Exercise goal:
Excluding any images, copy all of the lines below precisely as written.

[Source data — start]

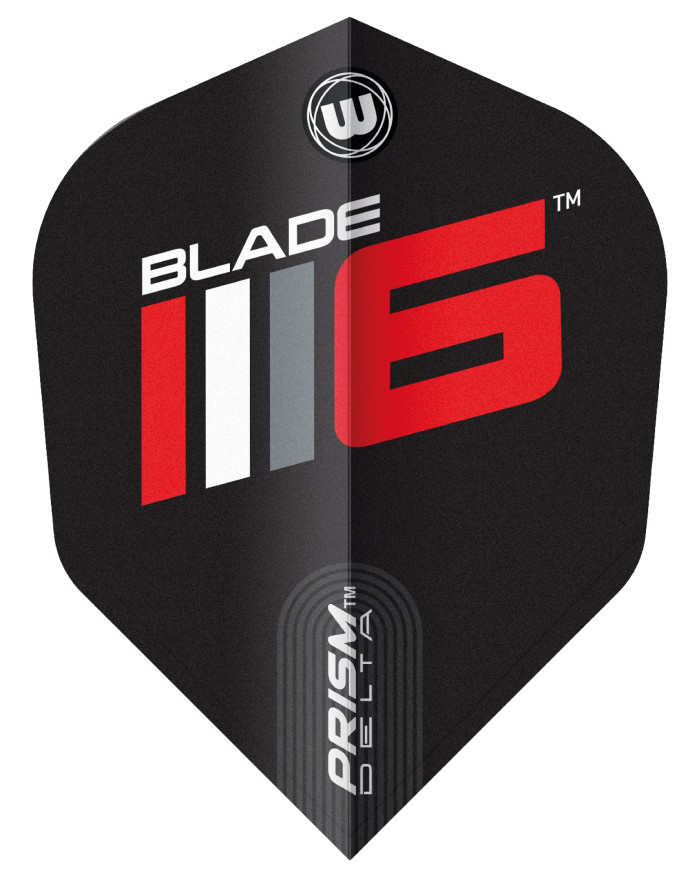 Winmau Prism Zeta Flights Standard - Grey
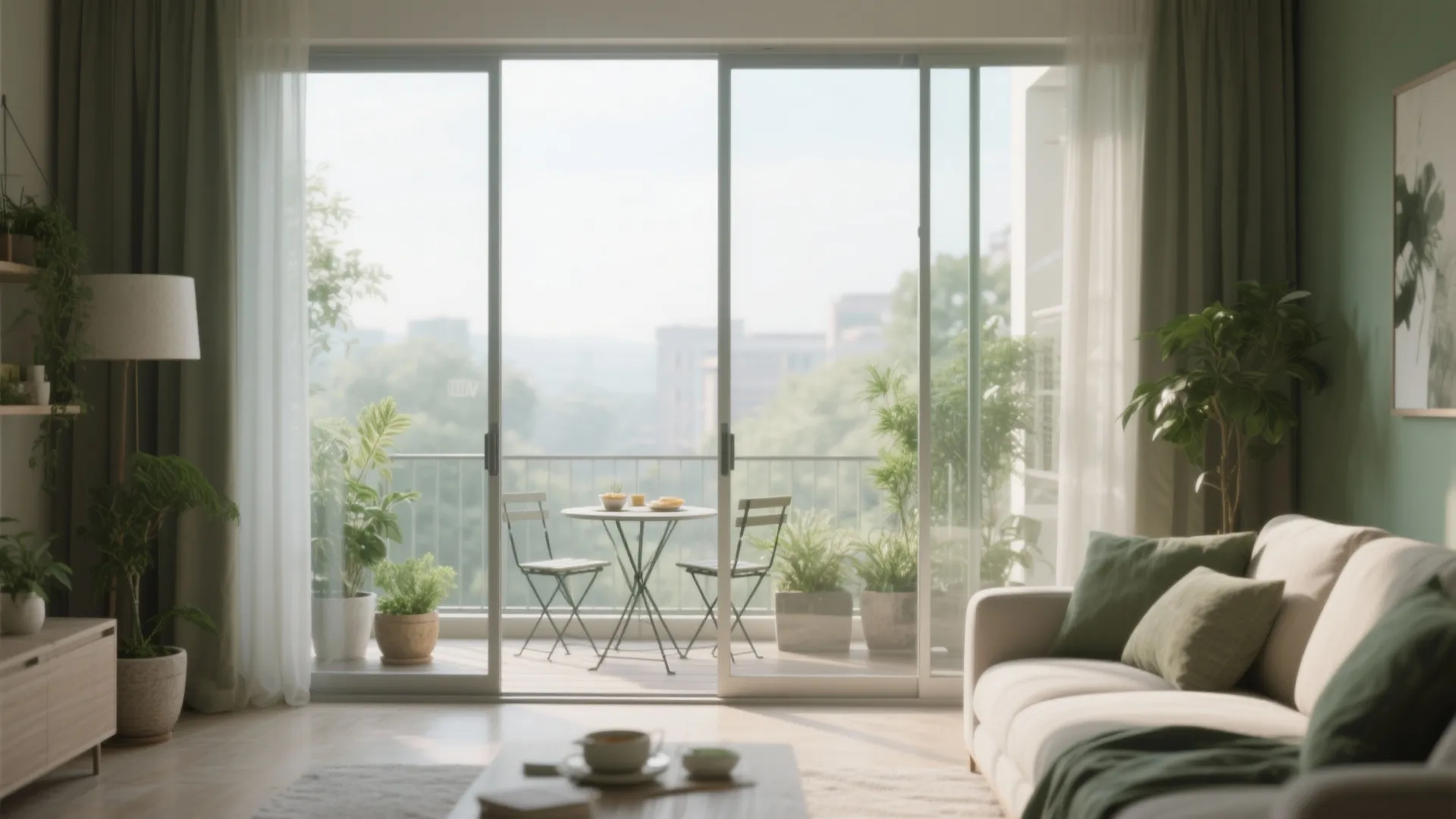 Outdoor-Indoor Continuity: Balconies, Courtyards, and Light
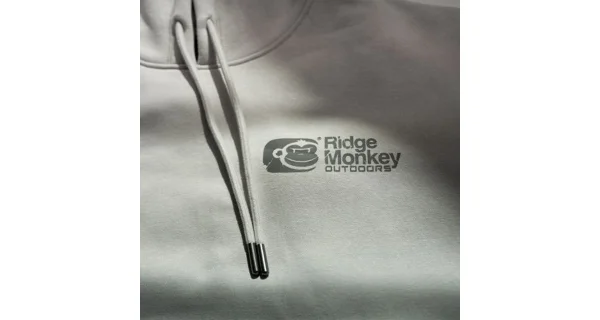 RIDGEMONKEY - Mikina Dispersion Lounge Hoody Womens White veľ. L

[Source data — finish]

Exercise answer:
 Winmau Prism Zeta Flights Standard - Grey
 Outdoor-Indoor Continuity: Balconies, Courtyards, and Light
 RIDGEMONKEY - Mikina Dispersion Lounge Hoody Womens White veľ. L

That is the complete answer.